What needs to be done
Type out the lines below exactly, pictures excluded.

Dataset extract
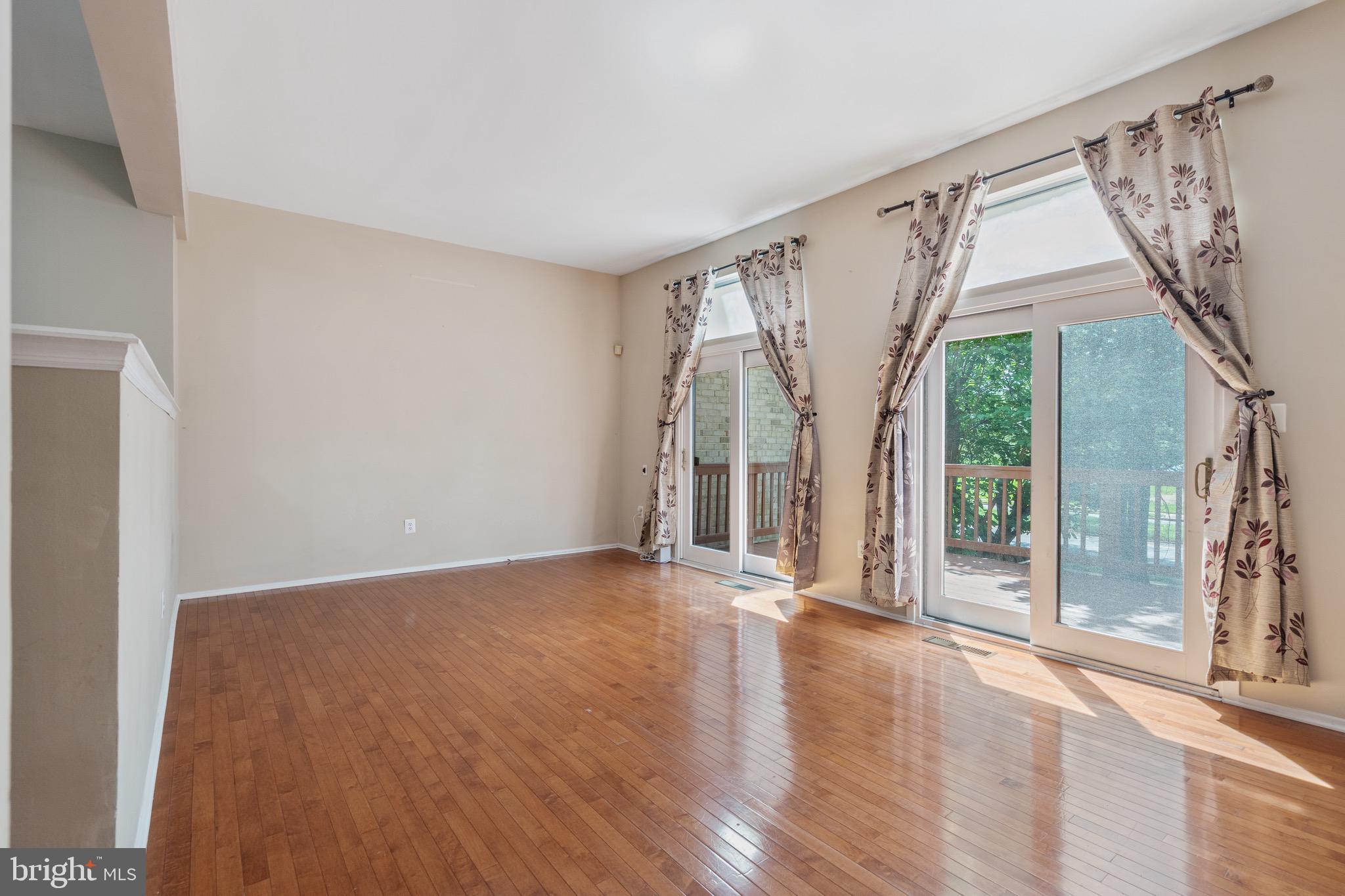 CHERRYWOOD SQUARE - Residential Lease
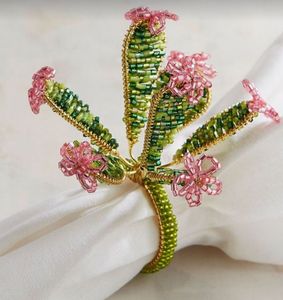 ชุดแหวนรัดผ้าเช็ดปากปักลายด้วยมือประดับลูกปัด พร้อมลวดลายตกแต่งสวยงามสำหรับจัดโต๊ะ - Product Image 2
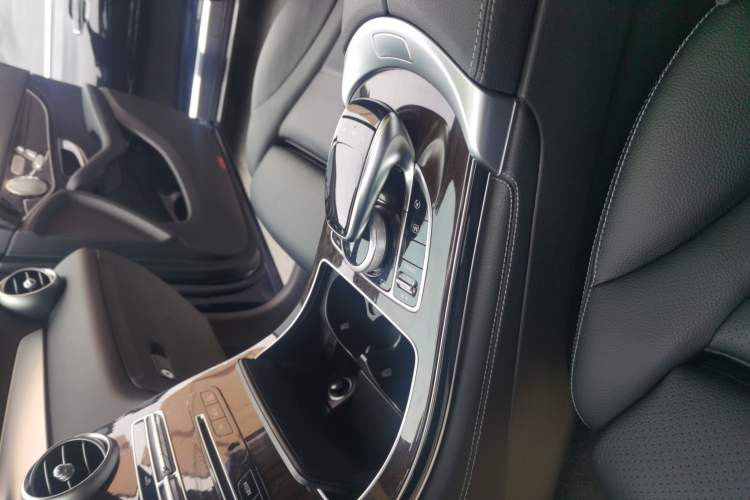Used Mercedes-Benz GLC 2017 GLC 260 4MATIC Luxury Model Gear Lever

Result
 CHERRYWOOD SQUARE - Residential Lease
 ชุดแหวนรัดผ้าเช็ดปากปักลายด้วยมือประดับลูกปัด พร้อมลวดลายตกแต่งสวยงามสำหรับจัดโต๊ะ - Product Image 2
Used Mercedes-Benz GLC 2017 GLC 260 4MATIC Luxury Model Gear Lever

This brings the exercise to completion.